In Kfar Giladi, a kibbutz located 2km from the Lebanese border, a sign on the entrance to the bomb shelter said “No entry to Radwan”, referring to Hezbollah’s special commando force. The men standing sentry at the gate in military fatigues were the kibbutz’s home guard.

Tom Cohen in front of a gate at the Kfar Giladi kibbutz
Tom Cohen, a member of the first responders team at the Kfar Giladi kibbutz. Photograph: Quique Kierszenbaum/The Guardian

“I don’t care what he has to say. He’s a terrorist. What he won’t say is ‘peace on earth’,” said Nimrod Sharabi, a mechanical engineer who was born on the kibbutz, before Nasrallah’s speech.
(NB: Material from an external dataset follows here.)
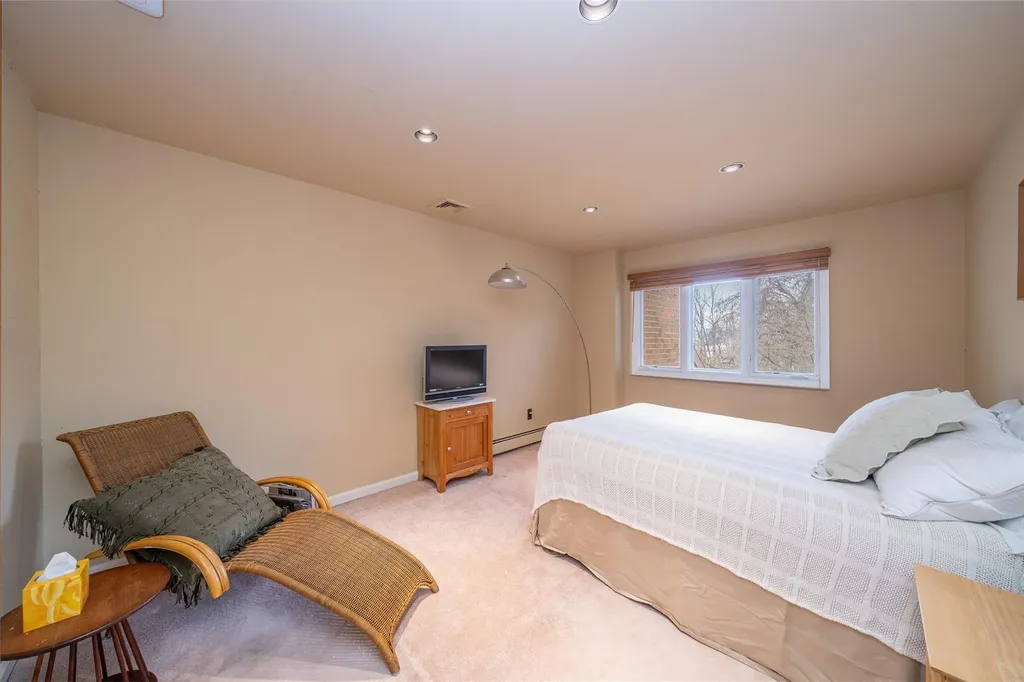 1010 Eagle Bay Drive Ossining NY 10562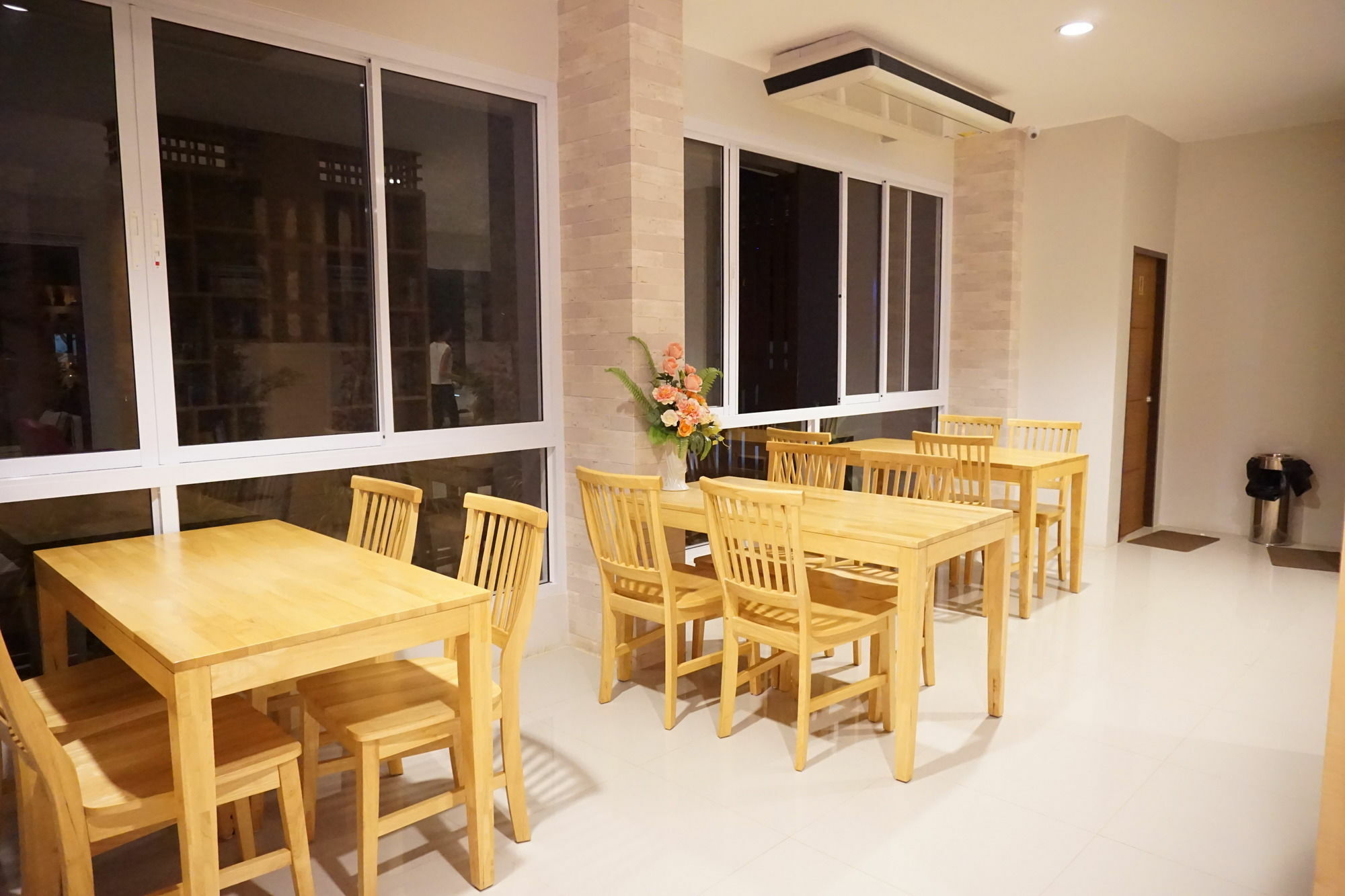 Chompu Nakarin Apartment Trang Exteriér fotografie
Sharabi’s wife and family had gone to the Netherlands, uncertain when the border would be quiet enough again for people to return. “The fighting could go on for months. I don’t know. But we don’t have a good government. It’s very weak,” he said.

Tom Cohen, 28, had flown back from Australia, where he lives, to defend the kibbutz where he grew up. “We saw the missile that hit Kiryat Shmona on Thursday evening fly over. We could see the flames from the engine. What’s strange is seeing the whole kibbutz evacuated. Even in the 2006 war, people stayed. But now, after what happened in the south [on 7 October], everyone feels that they are a target.”

His family had evacuated to Tiberias. “The things that happened in the south caused a lot of fear,” he said. Half of the kibbutz was out of bounds, most exposed to fire from Lebanon. “Everyone has been waiting for the speech, but it’s a joke. We know what he [Nasrallah] stands for. Hezbollah is a terrorist organisation. The mistake that we made was to allow Hezbollah a window to build up it strength.”

Kiryat Shmona, a city that was almost deserted earlier this week, had now emptied even further after the second direct rocket strike on a building in a week. An armoured personnel carrier and Humvees patrolled, while in the woods soldiers moved among the trees.